A recent study by BBVA Bancomer Research suggests that as many as 100,000 Hispanics may have left the state since the debate over Pearce's breathing-while-brown law SB 1070 began.

Arizona's stagnant economy no doubt was a factor in the exodus. But the signing of a bill into law that has as its intent "attrition through enforcement" (i.e., ethnic cleansing) sends a clear signal to Latinos that they are being targeted, whether they are here legally or illegally.

Moreover, the rhetoric of hate spewed by Governor Brewer, Pearce and others, and Sheriff Arpaio's anti-immigrant sweeps in Latino communities, have made the message as bright as neon: If you're brown, you're not welcome.

True, there are reasons for bias crimes other than race and ethnicity, but these are two of the more common motivations.

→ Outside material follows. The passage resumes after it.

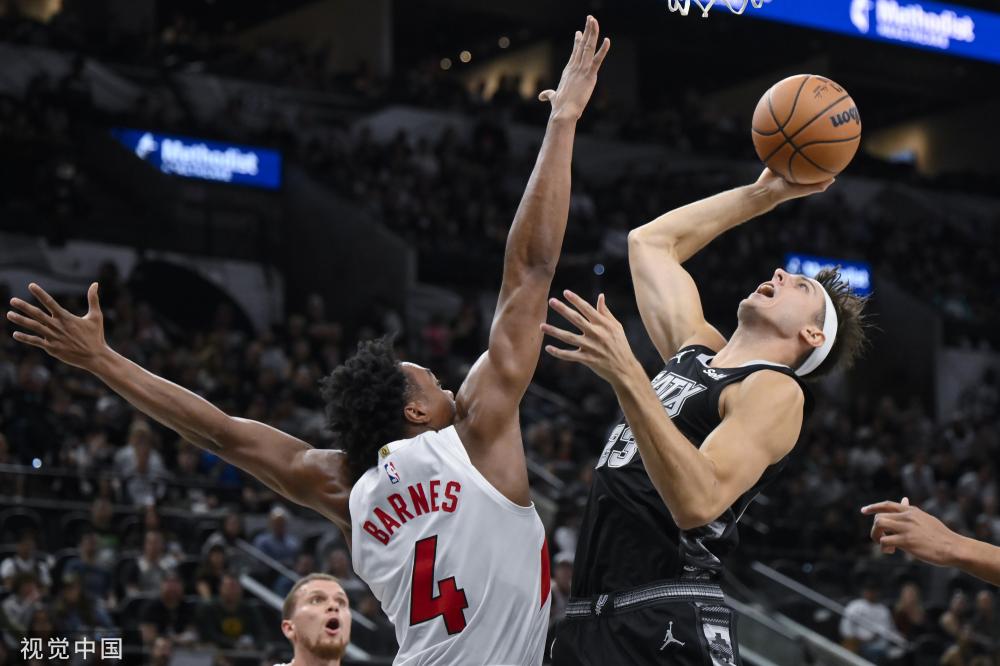 保持赛场秩 保持赛场秩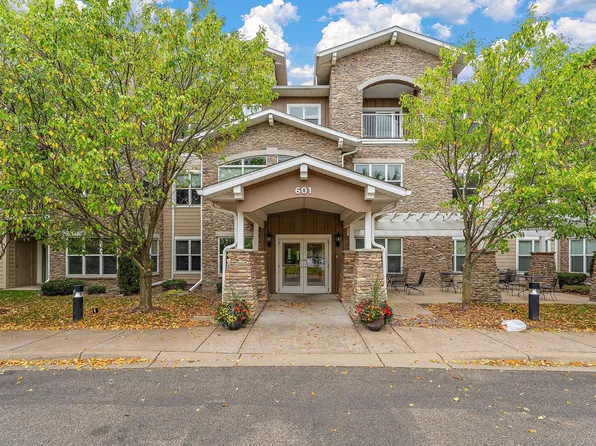 601 Levander Way APT 101, South Saint Paul, MN 55075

And Arizona's nativist vitriol acts as a magnet for hate groups such as the neo-Nazi National Socialist Movement, which has made Cactus Country its playground, as was evidenced in the NSM's recent rally at the Sandra Day O'Connor U.S. Courthouse.

How bad can it get? Stay tuned till next year, when Pearce is President of the state Senate, and he and his legislative henchmen can push their challenge to birthright citizenship through. The ugliness is guaranteed to get uglier.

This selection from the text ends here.